*What to work on*:
Could you retype the lines below, starting at the line holding "400 x 400 x 250mm Weld-in Bowl" and stopping at the line holding "Outdoor Led Display", inclusive? Copy them exactly and drop the images.
━━ Records for this task ━━
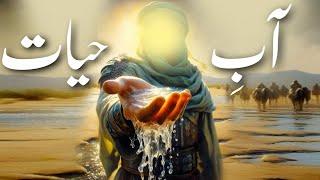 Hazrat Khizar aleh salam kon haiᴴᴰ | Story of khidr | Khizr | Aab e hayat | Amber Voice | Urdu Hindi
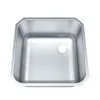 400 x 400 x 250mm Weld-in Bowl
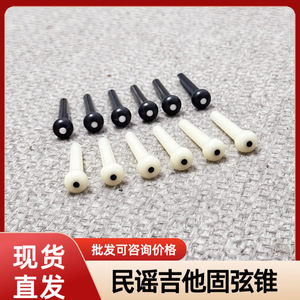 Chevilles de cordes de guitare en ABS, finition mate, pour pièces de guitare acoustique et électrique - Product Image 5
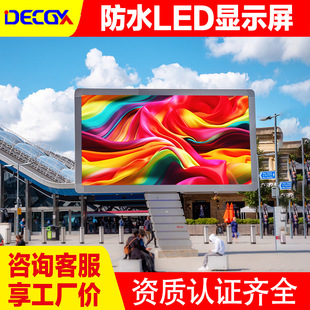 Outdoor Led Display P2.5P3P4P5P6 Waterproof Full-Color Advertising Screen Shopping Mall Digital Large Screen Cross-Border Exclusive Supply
━━━
━━ Records for this task ━━
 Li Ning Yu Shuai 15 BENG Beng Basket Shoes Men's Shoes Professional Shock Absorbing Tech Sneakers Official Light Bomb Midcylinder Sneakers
━━━
━━ Records for this task ━━
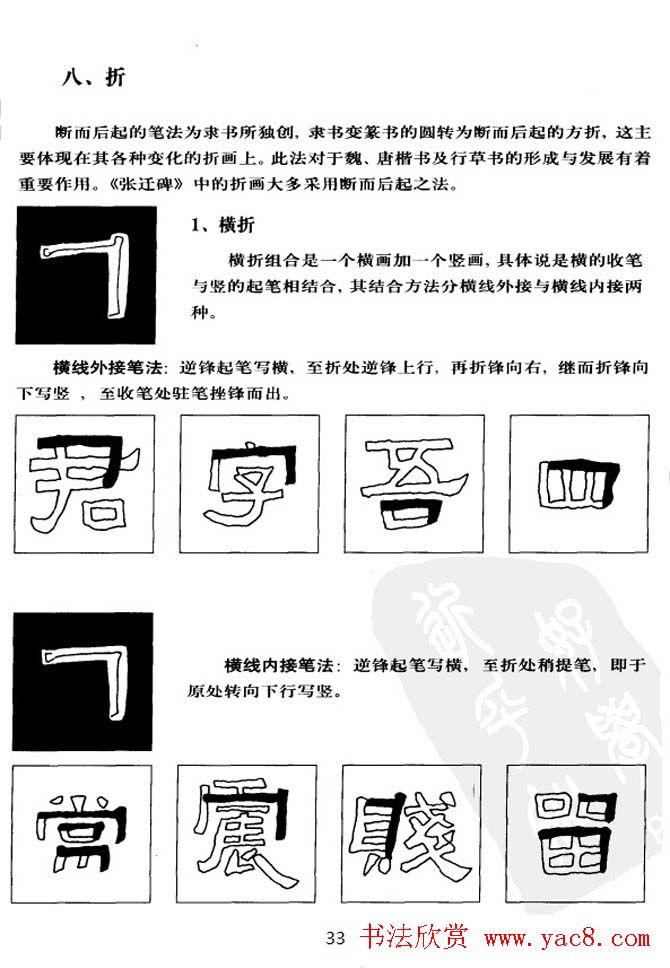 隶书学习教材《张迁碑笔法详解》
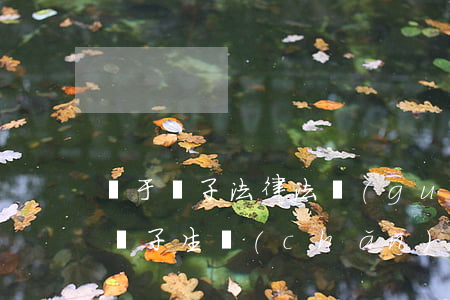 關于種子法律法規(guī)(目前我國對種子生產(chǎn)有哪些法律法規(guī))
━━━
*Task solution*:
 400 x 400 x 250mm Weld-in Bowl
 Chevilles de cordes de guitare en ABS, finition mate, pour pièces de guitare acoustique et électrique - Product Image 5
 Outdoor Led Display P2.5P3P4P5P6 Waterproof Full-Color Advertising Screen Shopping Mall Digital Large Screen Cross-Border Exclusive Supply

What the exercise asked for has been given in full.